Repeat only the lines below from the one containing "PERFNIQUE Indoor Herb" through the one containing "Meuble bas salle", inclusive, exactly as written.

● MATERIAL FOR THIS TASK:
----
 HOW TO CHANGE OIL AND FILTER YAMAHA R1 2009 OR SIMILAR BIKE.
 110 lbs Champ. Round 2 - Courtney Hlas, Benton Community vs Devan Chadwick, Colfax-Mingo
----
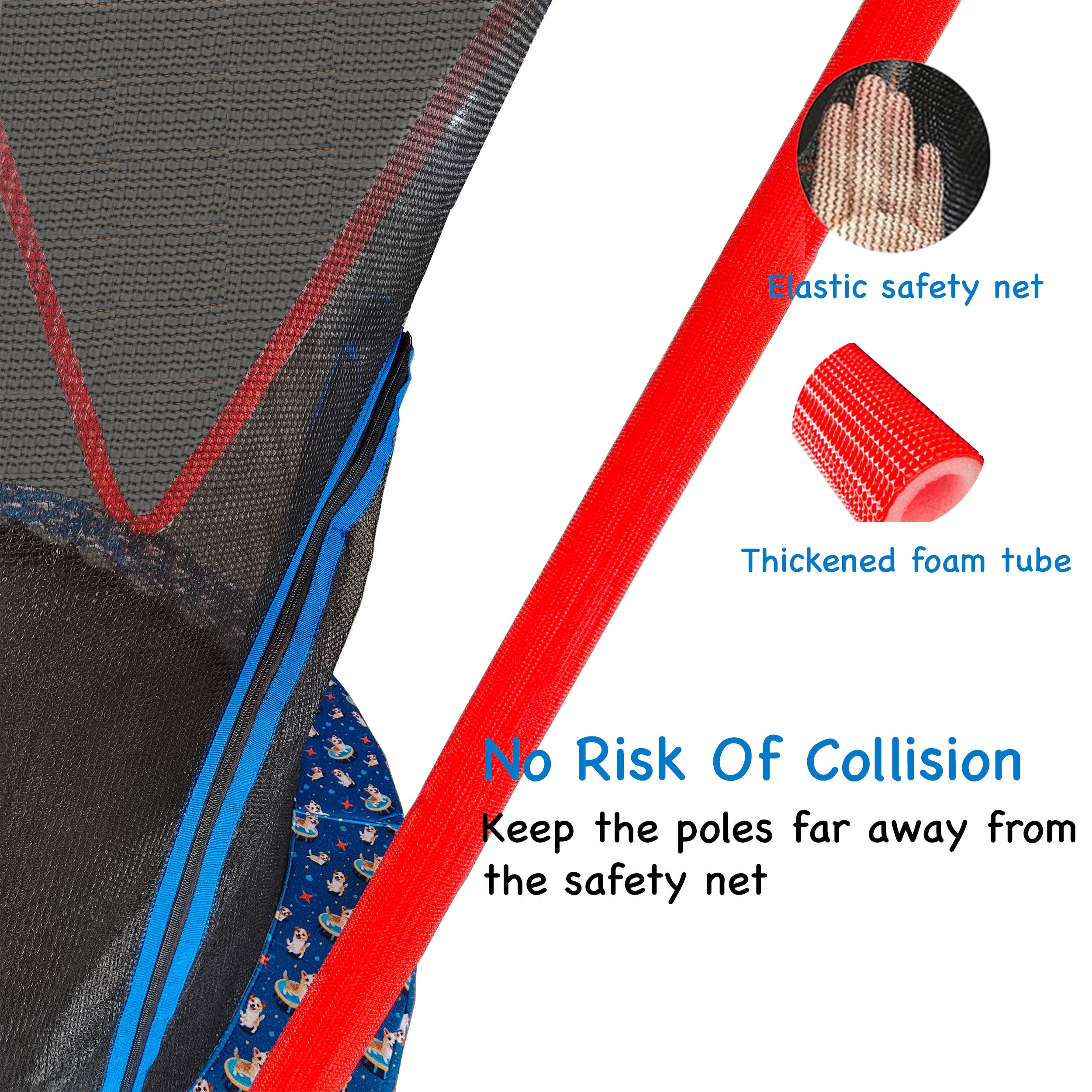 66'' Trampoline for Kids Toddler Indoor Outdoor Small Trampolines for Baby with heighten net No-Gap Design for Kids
----
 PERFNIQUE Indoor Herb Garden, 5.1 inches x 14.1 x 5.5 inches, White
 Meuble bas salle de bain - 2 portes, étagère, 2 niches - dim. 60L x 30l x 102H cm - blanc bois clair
----
● PROBLEM SOLUTION:
 PERFNIQUE Indoor Herb Garden, 5.1 inches x 14.1 x 5.5 inches, White
 Meuble bas salle de bain - 2 portes, étagère, 2 niches - dim. 60L x 30l x 102H cm - blanc bois clair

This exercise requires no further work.